Applying for a Passport for a child under a Special Guardianship Order
When you have a special guardianship order for a child, applying for their passport can be a lot more challenging than applying for a passport for your own child. Hopefully, by sharing my experience it will help you to have a smoother process than I did.
We are going on holiday soon and I had to renew a couple of our passports, but for Summer we are applying for her first passport. We booked our holiday in April, and started the passport applications in April. As her special guardians, I knew it was not going to be so straight forward, so I read as much information as I could from other guardian experiences. After reading lots of advice and tips I rang the passport office and asked for their advice.
Confident I had everything prepared, and with the advice from the passport office, I sent her passport application off, along with her birth certificate, her birth mother's birth certificate, and the court documents proving we were granted full legal guardianship.
After a couple of week's, we received a letter requesting Summer's grandmother birth certificate. This is not what we were originally advised and this is when we hit a brick wall.
Unfortunately, 18 months ago Summer's mum had disappeared without a word to us, no warning, and no way to make contact with her. After speaking to the passport office to explain this, they gave me some advice on how to find out and get a birth certificate for Summer's grandmother. So with this advice, and with a name from Summer's mum's birth certificate, I started ringing around registry offices to try track down the right one. Some were very helpful, others not so helpful. As we only had the grandmother's full name, and no Date of Birth, this is what caused us the biggest challenge. One registry office had two with the exact name, but very different birth dates, and I had no clue how old Summer's grandmother was. After a very frustrating week, I contacted the social services to ask for their help, to try and contact Summer's mum, but they explained as the case was closed, they cannot help and explained I would need to hire a solicitor to track her down.
Panic ensued, how much would this cost, how long would it take.
I rang the passport office once more, and this time I spoke to someone who was definitely more clued up, and she suggested that I do the paternal route - I get Summer's dad's birth certificate, and paternal grandmother's and to return those. We also need the details of the paternal great grandparents full details in order to obtain Summer's paternal grandmother birth certificate - are you lost yet? it's complicated.

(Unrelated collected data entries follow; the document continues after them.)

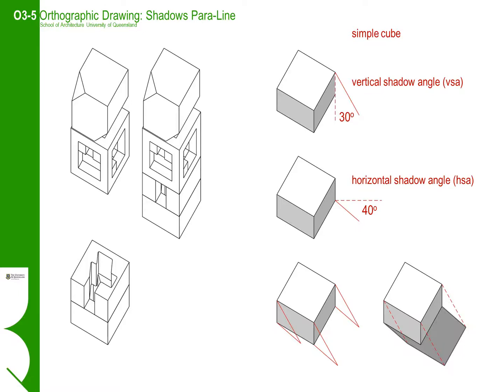On reflection, the construction of shadows using traditional drawing techniques is really, in the context of ubiquitous 3D modelling software, rather redundant.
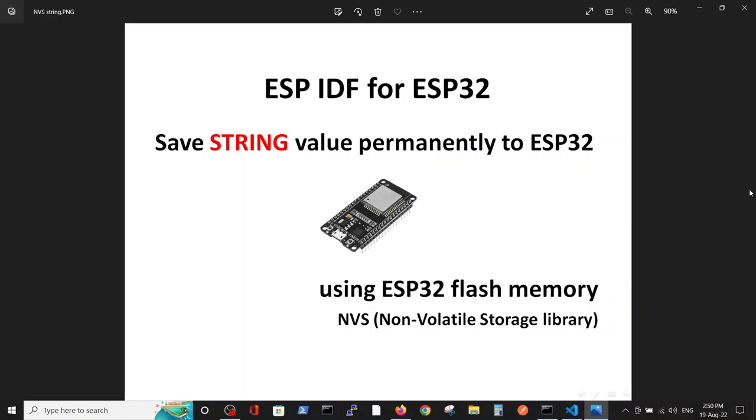Hello, in our first video on this subject, we showed the ability to save integer to the permanent memory of ESP32, read and write it. Following the request of our subscribers, we were asked to publish a video regarding the string reading and writing to the permanent memory.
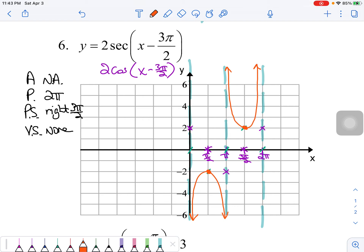That completes 2 secant of (x minus 3π/2). If you have questions about these or the remaining problems, please ask — reach out during office hours or by email. We're already over halfway through this unit.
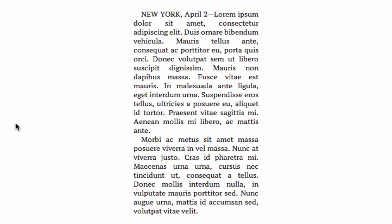There we go. It looks a lot better, right? It has more of a vintage newspaper kind of feel. And all we did was change out the font.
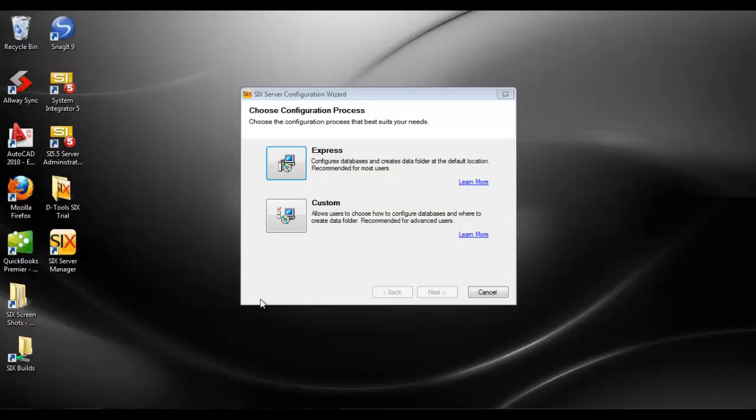This video will demonstrate the express configuration option in the six server configuration wizard or SCW.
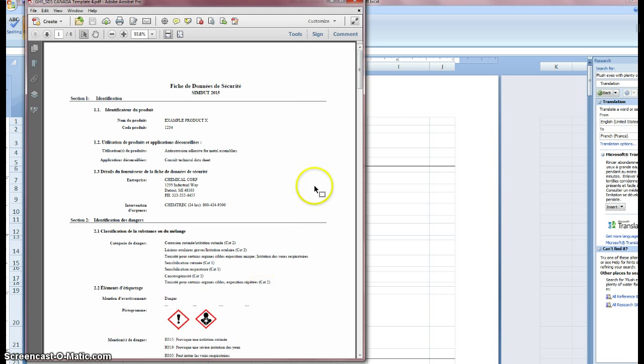That about wraps it up for this demonstration. You can feel free to email us at info at chemcomply.com or check us out at www.chemcomply.com. Thanks a lot.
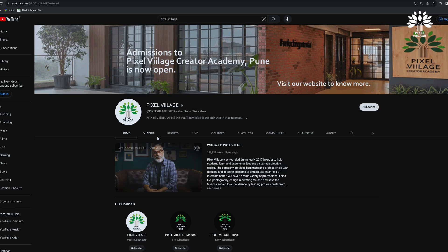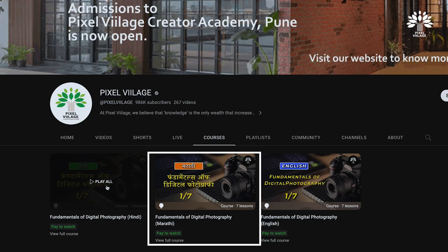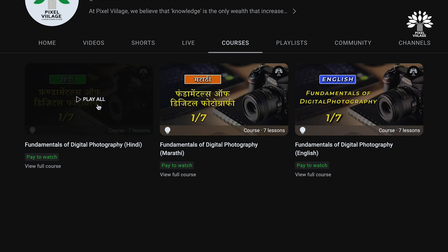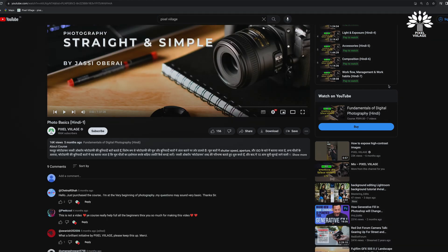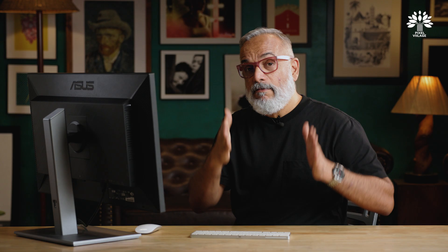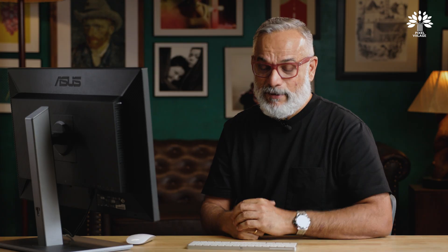We also have great news — our Fundamentals of Digital Photography classes, a seven to ten hour course, is now available on our YouTube channel for just 500 rupees, available in Hindi, English, and Marathi. On our website it costs 5,000 rupees, but on YouTube courses it's only 500 rupees for all seven videos. The first video is free to watch; from the second video onwards you pay. Like RetouchMe — pay once and it's yours for life. I'll be back with another interesting video very soon. Bye for now!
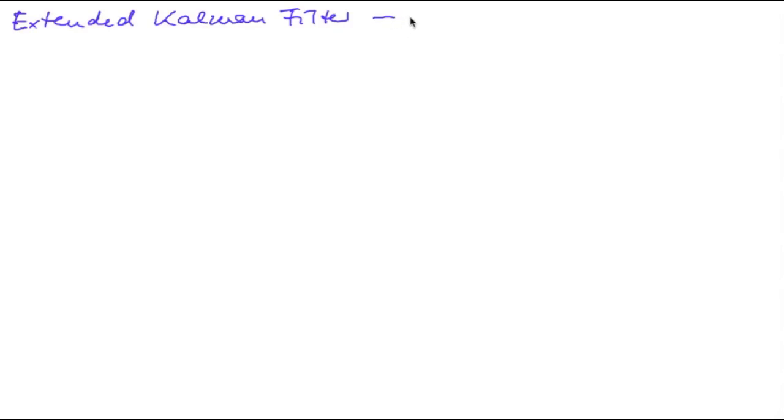Now it's time to produce our final result, the extended Kalman filter. You've seen all the equations in several parts of this unit, but let me put those together on one slide.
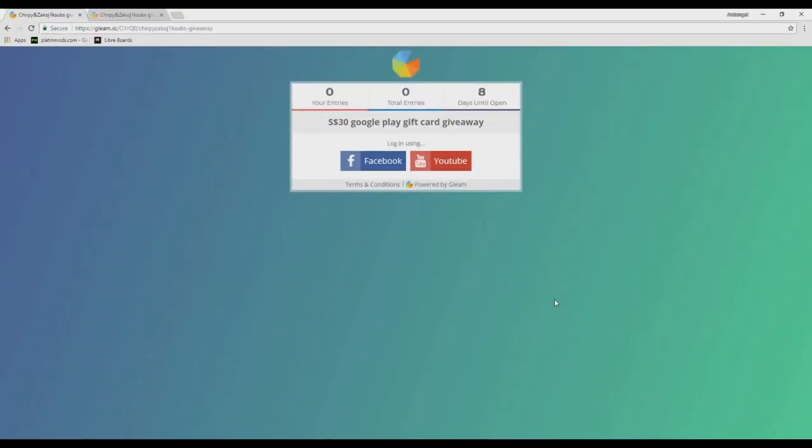Hello guys! I promised on 5th of March that we will be giving away a Google Play gift card worth $30 SGD. If you want this gift card,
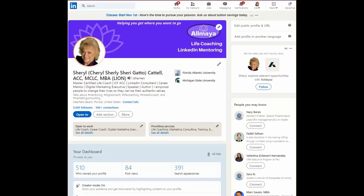Hello, my name is Cheryl Cattell and welcome to today's LinkedIn Minute. I'm so glad you joined. Today we're going to talk about education.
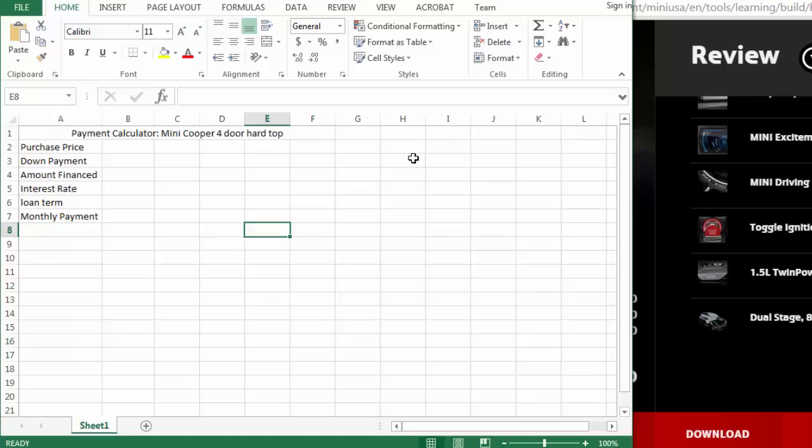Often you're going to want to use Excel to solve real-world problems like calculating what your payments would be on your dream car.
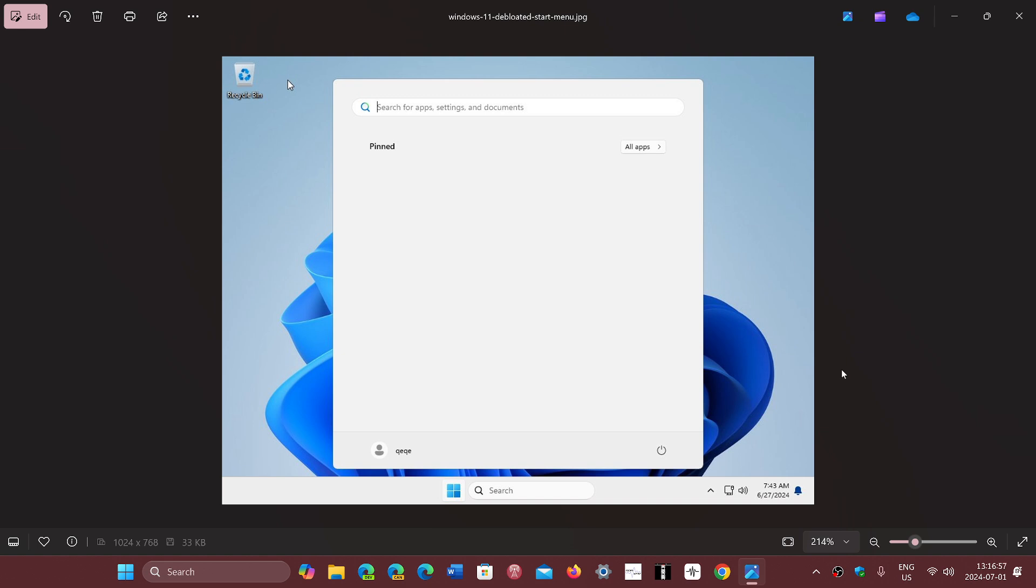This comes from a modification. Some of you might have seen or heard about something called tiny 11, which is a stripped down version of Windows 11 that exists. This comes from there, it's a variant of that. So technically yes, there's a way to get this, but this isn't an official version that exists out there. It's really a tweaked version of Windows 11.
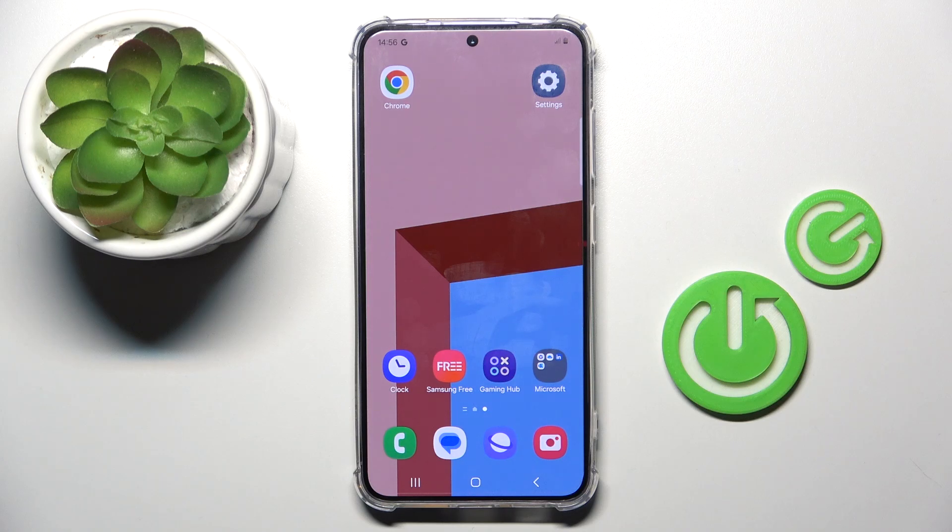Hello everyone, in front of me is Samsung Galaxy S24 and let me show you how to reset all the settings.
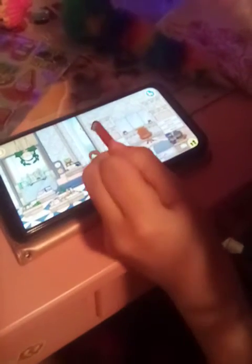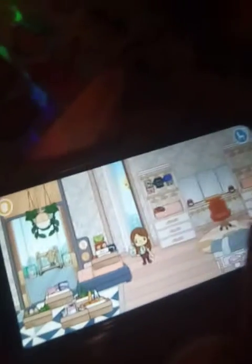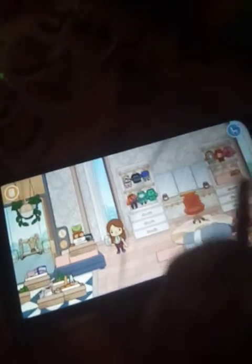Hey guys, so today we will be designing my Toca Boca house — well, I accidentally said house, I meant my bedroom. And then in the next video we'll be doing a style on my bathroom.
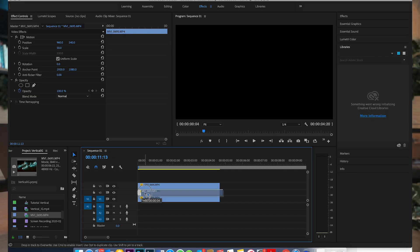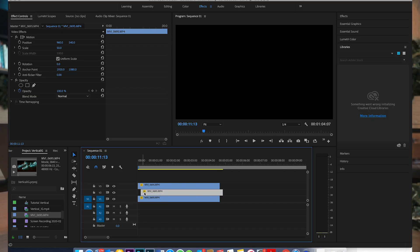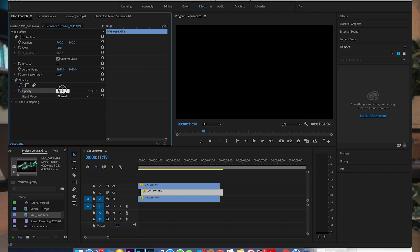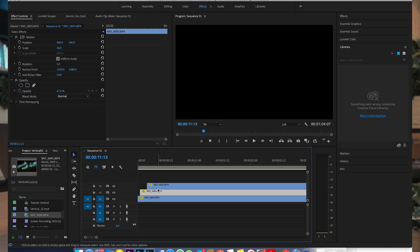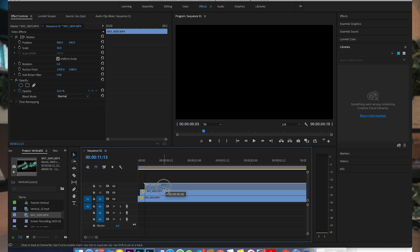In the next step, move the second layer one frame forward and decrease its opacity to 67%. Then move the third layer another frame forward and decrease its opacity to about 33%. And that's literally it.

Anyhow hubby rang his ex-mother in law who helped us with this information, and shortly after all the birth certificates were ordered.
They were sent off, and within a week..... We got Summer's birth certificate! Phew. Overall from start to finish it took approx. 10 weeks.
If you are reading this and wondering why we didn't get the paternal route first, this was because when we spoke to the first lady at the passport office, she said as the grandparents weren't married it wouldn't work, so she advised we have to get the maternal grandparents birth certificates - however, after ringing the passport office at a later date, I spoke to a different lady who told us differently. A little frustrated we weren't given this information to begin with, but it is sorted now, and that is the main thing.
And Summer is super excited to be going on holiday.